And, this time around, Moore still isn’t afraid of “big bad” Wolf Blitzer.

I’ll be interested to see Moore’s take on things related to the economy. Admittedly, until the past year or so, I didn’t say much about economics, because I thought the subject so complicated that I’d probably miss something. I figured, there are plenty of smart people out there who know what it’s about and how it works. So, it was probably better if I just stayed away from the topic.

Then I heard Alan Greenspan, known as “The Oracle”, sit in front on a congressional panel and basically answer “Fuck if I know,” when asked what the hell was happening on Wall Street and how the hell he didn’t see this mess coming. I figured, if Greenspan didn’t know, it was okay for me to at least hazard a guess. (The result has been series like, Drop Dead Conservatism, The Society of the Owned and What’s Wrong With Wall Street?)

There were many flaws that Greenspan failed to see, and that other free market fundamentalists must avoid seeing if they want to continue to believe. A major one, as pointed out by Soros, Reich and other above is that the government has constantly intervened in the “free market” in order to save the market from itself and its own “innovations.” But there’s another that has is basis in nothing more than human nature.

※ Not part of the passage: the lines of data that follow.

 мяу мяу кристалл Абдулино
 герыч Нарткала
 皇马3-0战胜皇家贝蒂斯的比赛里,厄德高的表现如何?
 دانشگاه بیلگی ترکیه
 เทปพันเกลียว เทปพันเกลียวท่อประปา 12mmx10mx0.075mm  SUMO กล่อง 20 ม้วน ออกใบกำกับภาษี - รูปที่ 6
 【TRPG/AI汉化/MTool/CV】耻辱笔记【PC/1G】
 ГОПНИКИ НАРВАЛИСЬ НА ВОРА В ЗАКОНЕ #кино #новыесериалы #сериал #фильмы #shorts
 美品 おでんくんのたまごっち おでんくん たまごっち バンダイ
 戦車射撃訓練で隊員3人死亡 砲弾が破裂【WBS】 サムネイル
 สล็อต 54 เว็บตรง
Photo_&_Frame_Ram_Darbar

All the time I’m sitting in the audience thinking that these models are far too simplistic and based on countless unrealistic assumptions. I tell people that these instruments are dangerous, that no one understands the risks. But no one cares.

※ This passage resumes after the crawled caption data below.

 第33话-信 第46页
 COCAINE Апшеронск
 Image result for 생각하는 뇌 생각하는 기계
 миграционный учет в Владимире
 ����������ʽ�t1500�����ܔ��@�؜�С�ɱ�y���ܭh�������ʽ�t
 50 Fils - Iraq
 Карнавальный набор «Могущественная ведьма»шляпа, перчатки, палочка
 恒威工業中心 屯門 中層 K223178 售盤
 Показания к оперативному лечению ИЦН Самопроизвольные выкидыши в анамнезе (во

As long as people are compensated hugely for taking risks with other people’s money, and do not suffer equally on the downside, then those risks will inevitably become outrageous. Whether markets are efficient or not, I don’t know for sure. But I do know that, if there’s a way for someone to make money at another’s expense, he will.

Simply put, it only works if everyone (in Greenspan’s terminology) behaves honorably. Put even more simply, in order for it to work, everyone has to behave themselves. Taken a step further, everyone will behave themselves, because it is in their “rational self interest” to do so. Thus Greenspan can say with a straight face that he believed self-interest would regulate Wall Street.

For years, a Congressional hearing with Alan Greenspan was a marquee event. Lawmakers doted on him as an economic sage. Markets jumped up or down depending on what he said. Politicians in both parties wanted the maestro on their side.

But on Thursday, almost three years after stepping down as chairman of the Federal Reserve, a humbled Mr. Greenspan admitted that he had put too much faith in the self-correcting power of free markets and had failed to anticipate the self-destructive power of wanton mortgage lending.

“Those of us who have looked to the self-interest of lending institutions to protect shareholders’ equity, myself included, are in a state of shocked disbelief,” he told the House Committee on Oversight and Government Reform.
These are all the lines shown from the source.